Unicode and Java versions | Madalin's Blog

While enhancing CATS I recently added a feature to send requests that include single and multi code point emojis. This is a single code point emoji: 🥶, which can be represented in Java as the \uD83E\uDD76 string. The test case is simple: inject emojis within strings and expect that the REST endpoint will sanitize the input and remove them entirely (I appreciate this might not be a valid case for all APIs, but not the focus of this article).

I usually recommend that any REST endpoint should sanitize input before validating it and remove special characters. A typical regex for this would be [\p{C}\p{Z}\p{So}]+ (although you should enhance it to allow spaces between words), which means:

p{C} - match Unicode invisible Control Chars (\u000D - carriage return for example)
p{Z} - match Unicode whitespace and invisible separators (\u2028 - line separator for example)
p{So} - matches various symbols that are not math symbols, currency signs, or combining characters; this also includes emojis

I have a test service I use for testing new CATS fuzzers. The idea was to simply use the String’s replaceAll() method to remove all these characters from the String.

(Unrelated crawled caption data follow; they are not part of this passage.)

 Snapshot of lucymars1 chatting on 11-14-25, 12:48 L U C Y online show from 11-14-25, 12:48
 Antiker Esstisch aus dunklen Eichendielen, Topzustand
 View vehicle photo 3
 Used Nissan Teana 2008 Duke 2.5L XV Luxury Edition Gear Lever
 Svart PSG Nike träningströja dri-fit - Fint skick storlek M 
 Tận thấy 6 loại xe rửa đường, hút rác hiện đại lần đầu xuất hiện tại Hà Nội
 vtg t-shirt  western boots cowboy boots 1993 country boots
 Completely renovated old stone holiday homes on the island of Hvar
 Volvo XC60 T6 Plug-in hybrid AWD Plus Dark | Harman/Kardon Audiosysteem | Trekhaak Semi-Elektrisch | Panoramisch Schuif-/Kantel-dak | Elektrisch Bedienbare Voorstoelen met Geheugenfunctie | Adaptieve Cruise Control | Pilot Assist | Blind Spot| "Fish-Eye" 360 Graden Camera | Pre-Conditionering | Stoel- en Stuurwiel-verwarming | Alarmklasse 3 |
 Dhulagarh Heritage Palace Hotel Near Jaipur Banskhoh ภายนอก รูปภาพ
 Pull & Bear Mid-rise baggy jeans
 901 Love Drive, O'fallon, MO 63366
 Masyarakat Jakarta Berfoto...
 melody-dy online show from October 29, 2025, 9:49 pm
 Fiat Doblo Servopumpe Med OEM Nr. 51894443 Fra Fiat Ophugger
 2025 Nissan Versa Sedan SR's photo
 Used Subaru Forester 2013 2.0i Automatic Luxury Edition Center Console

So let’s take the following simple code which aims to sanitize a given input:

    public static void main(String... args) {
        String input = "this is a great \uD83E\uDD76 article";
        String output = input.replaceAll("[\\p{C}\\p{So}]+", "");

        System.out.println("input = " + input);
        System.out.println("output = " + output);
    }

While running this with Java 11, I get the following output:

input = this is a great 🥶 article
output = this is a great  article

Which works as expected. The 🥶 emoji was removed from the String as expected.

Even though I have CATS compiled to Java 8, I mainly use JDK11+ for development. At some point I had CATS running in a CD pipeline with JRE8. The emoji test cases generated by the CATS Fuzzers, started to fail, even though they were successfully passing on my local box (and on other CD pipelines). I went through the log files, the request payloads were initially constructed and displayed ok, with the emoji properly printed, but while running some pattern matching on the string the result was printed as sometext?andanother. The ? is where the emoji was supposed to be. Further investigation led to the conclusion that what caused the mishandling of the emoji was the JRE version (which might be obvious for the 99.999% of Java devs out there). Which is actually expected as Java 8 is compatible with Unicode 6.2, while 🥶 is part of Unicode 11.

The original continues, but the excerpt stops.